(DATASET EXTRACT begins)
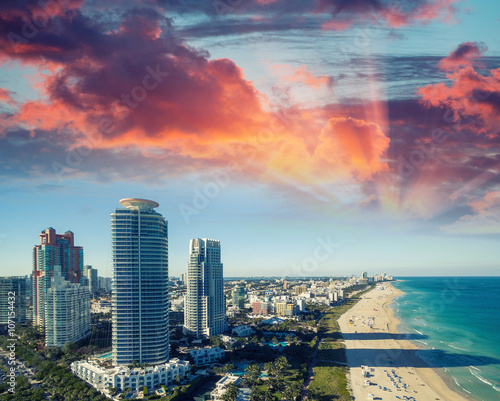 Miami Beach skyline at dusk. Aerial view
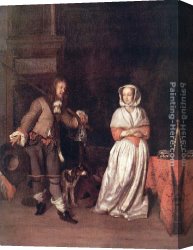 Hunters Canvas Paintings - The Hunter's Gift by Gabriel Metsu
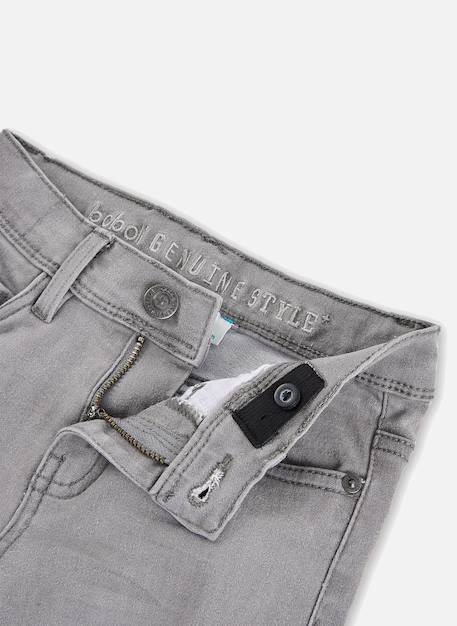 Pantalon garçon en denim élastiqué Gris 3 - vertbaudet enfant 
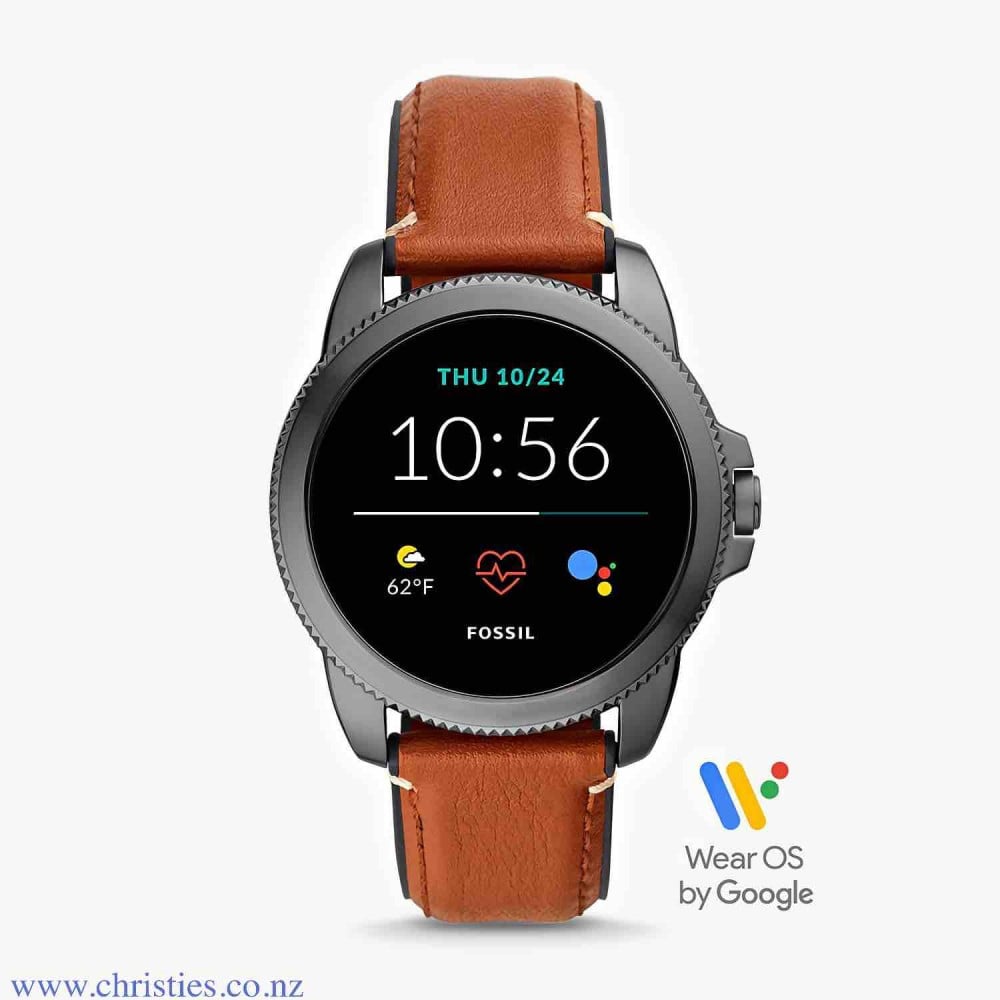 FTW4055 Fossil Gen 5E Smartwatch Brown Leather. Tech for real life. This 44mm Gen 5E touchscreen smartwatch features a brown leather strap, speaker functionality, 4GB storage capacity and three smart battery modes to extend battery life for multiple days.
(DATASET EXTRACT ends)
(DATASET EXTRACT begins)
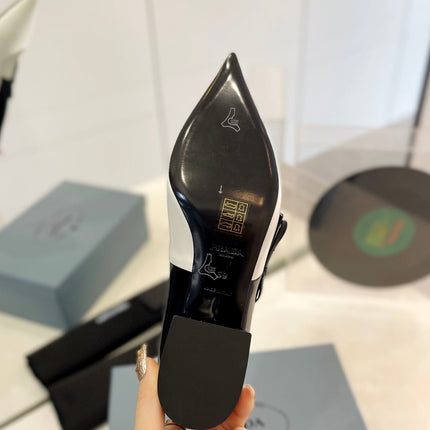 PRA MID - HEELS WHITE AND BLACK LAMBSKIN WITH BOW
(DATASET EXTRACT ends)
● WORK INSTRUCTIONS
"Hunters Canvas Paintings" marks the first line to copy, and "FTW4055 Fossil Gen" marks the last. Repeat that stretch above exactly, with no pictures.

● WRITTEN REPLY
 Hunters Canvas Paintings - The Hunter's Gift by Gabriel Metsu
 Pantalon garçon en denim élastiqué Gris 3 - vertbaudet enfant 
 FTW4055 Fossil Gen 5E Smartwatch Brown Leather. Tech for real life. This 44mm Gen 5E touchscreen smartwatch features a brown leather strap, speaker functionality, 4GB storage capacity and three smart battery modes to extend battery life for multiple days.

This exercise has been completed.